By: Ellen Simon
By Ellen Simon
Hawai‘i’s Pearl Harbor was named for its oysters, which were once so plentiful that Native Hawaiians named the area Wai Momi, or “Pearl Waters.”
Sadly, the number of wild native oysters has declined steadily over the last century. In response, O‘ahu Waterkeeper, the U.S. Navy, and the Pacific Aquaculture & Coastal Resources Center at the University of Hawai‘i at Hilo have planted more than 10,000 native oysters at Pearl Harbor and four other locations around the island. These oysters have already begun to reproduce, exponentially expanding the project’s impact.
The oysters clean up contaminants as they filter feed, improving water quality and clarity.
They also provide a climate benefit. Oceans absorb one-quarter of the earth’s carbon dioxide. Oysters, which naturally absorb carbon from the ocean’s water column to build their shells, are an important form of biosequestration, defined as a way to safely keep carbon out of the atmosphere using nature itself.

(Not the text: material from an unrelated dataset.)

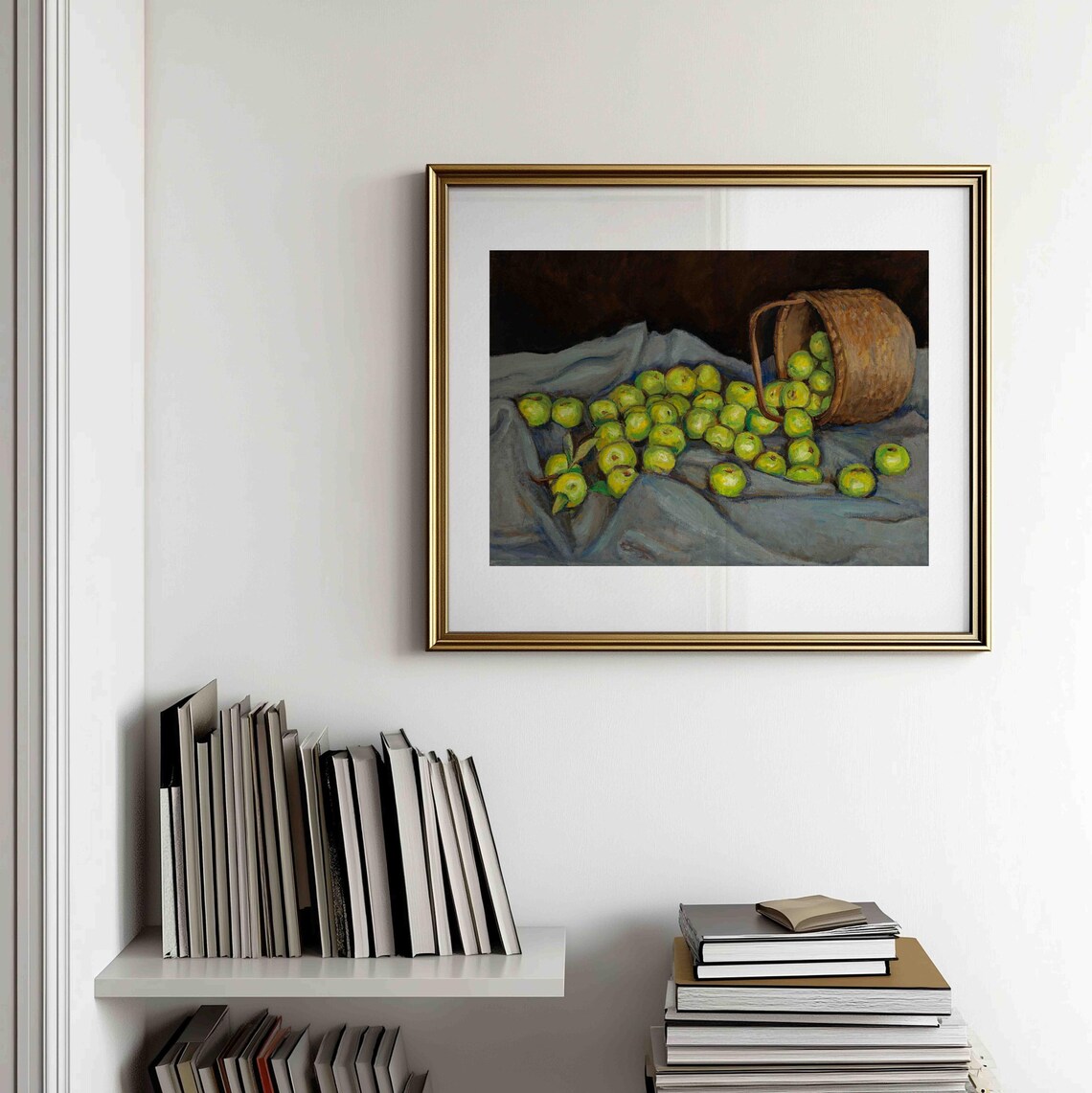 Green Apples Still Life, Vintage Farmhouse Rustic - Image 3
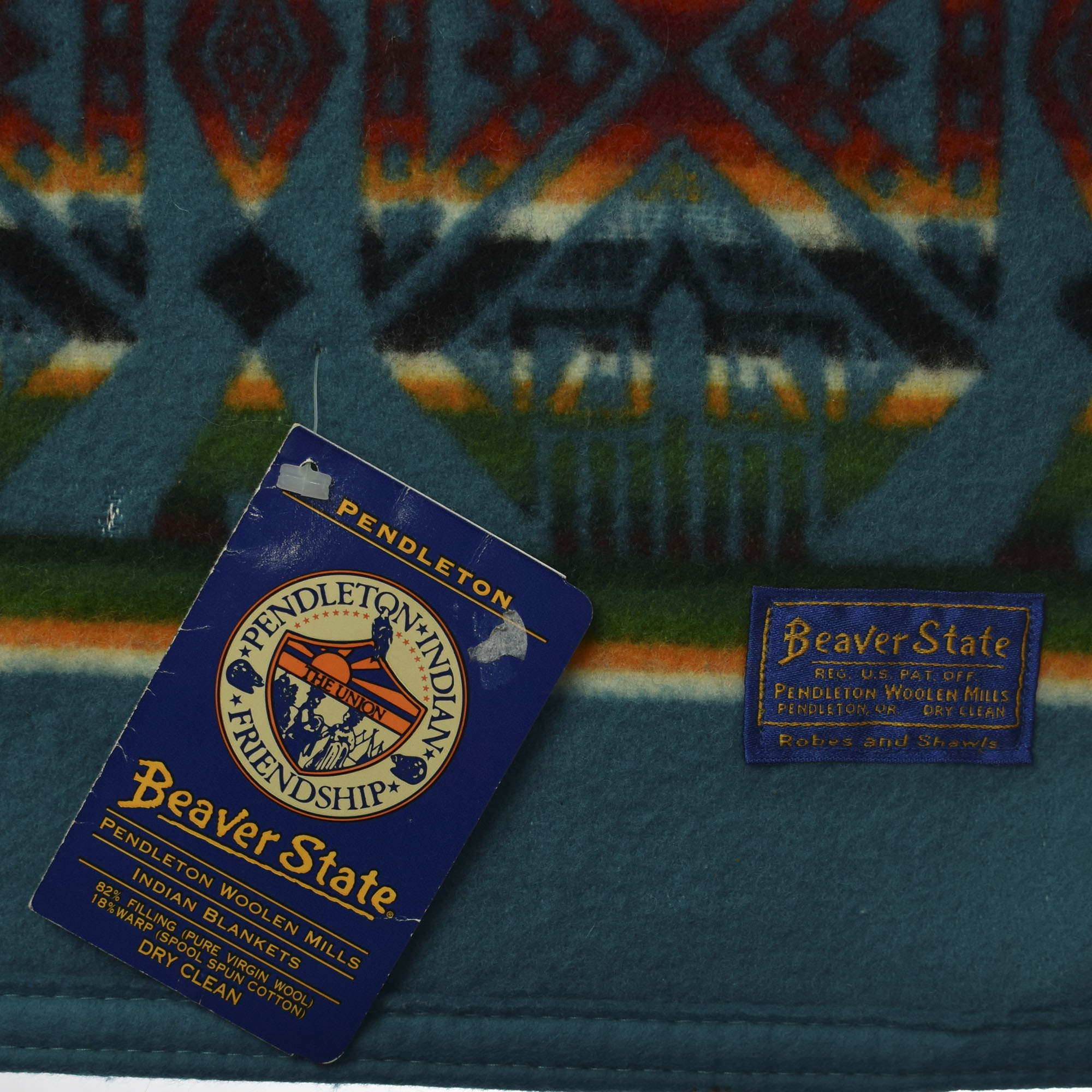 Vintage Pendleton Beaver State Native Navajo Pattern Wool Blanket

As O‘ahu Waterkeeper and its partners build oyster colonies, they’re also building future carbon sinks — at a moment when our oceans desperately need them.
Central to the oyster project is teaching schoolchildren about bioremediation. As Executive Director Rhiannon “Rae” Chandler-‘Iao explains, “Working with nature, humans are capable of solving the very problems we have created.”